Frontier Lanes has new management, new nameby jmaloni
The Village of Lewiston's bowling alley is about to get an upgrade.
Emery Simon and Harold Hibbard recently purchased Frontier Lanes. They have renamed it the Lewiston Event Center, and plan to make full use of the almost three-acre property.
"I grew up in this town; he grew up in this town. I was here when I was kid. Everybody you talk to had something to say about this bowling alley when they were younger - whether it's the bar or the bowling," Hibbard said.
"But it's been forgotten," Simon added.
He said some people have driven past Frontier Lanes without a thought as to what a happening place it was - and can be once again.
"We want to bring it back to what it was," Simon said, as he pointed to historic pictures on the wall showing a full parking lot.
The first part of the development plan is now under way. Trees and debris have been removed, while more lights have been installed outside.
"We're going to start in certain areas," Hibbard said. "We're going to just start upgrading. And the first area we're going to upgrade is the bar.
"When we first talked, we were going to pull the pool tables out of here. We had no idea there was a pool league that played here Thursday nights. It's a pretty big draw. ... So now we're going to upgrade the bar and make a place for the pool tables."
"We've talked about getting a dart league here," Simon noted. "Get a couple more boards and get a dart league going. We want to make it so it's not just a bowling alley."
Of course, the Lewiston Event Center still will welcome keglers.
"We don't feel like bowling is dead," Hibbard said. "I think there's an opportunity with bowling. I was in Springville bowling yesterday. The places were packed. Bowling is still a pretty popular sport.
"The problem with this place is, I think, that some of the people that came here just moved on. They went to different places. People from Lewiston are driving to Niagara Falls."
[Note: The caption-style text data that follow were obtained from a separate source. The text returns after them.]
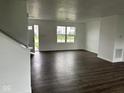 Bright living room with dark wood floors and large windows at 371 Traditions Pass, Greenwood, IN 46143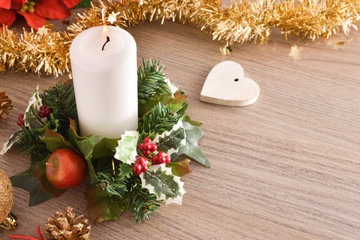 Candle on table with Christmas floral arrangement and heart top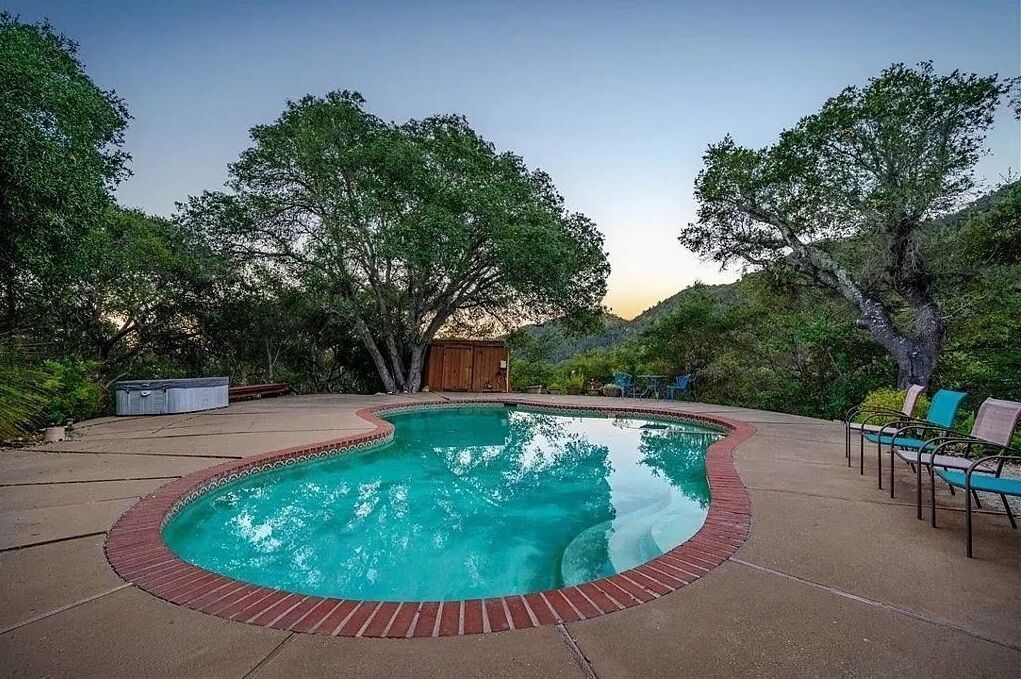 A swimming pool with a brick border, surrounded by trees and outdoor furniture.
"We're saving bowling," Simon said.
For the Simon Construction Co. proprietor, the purchase wasn't about making money.
"For me, it was saving a piece of history for Lewiston," he said. "That's what we did with the Stone House; it's what we did with John Kinney with the 'Bloody Bucket.' We're saving the history of the community."
"We help save buildings," said Christina Crane, manager of new business development for Simon Construction Co.
"Preserve history, preserve the business, preserve jobs," Simon said.
Simon and Hibbard, who opened the Hibbard's Custard restaurant last summer, plan to offer birthday parties for children, holiday parties for adults, corporate events, live music and comfortable seating for televised football games.
"There's something here for every age group," Hibbard said.
Simon and Hibbard plan to retain Frontier Lanes' dozen-plus employees.
"We're fortunate to go into a business that has (good employees)," Simon said.
The Gwin family owned Frontier Lanes for 54 years.
"I think the place is in good hands," Dana Gwin said of the acquisition. He said Simon and Hibbard have "great plans" and he foresees a "positive future" for the bowling alley.
"We will constantly be working to upgrade the place," Simon said.
Frontier Lanes first opened to the public on Sept. 1, 1958.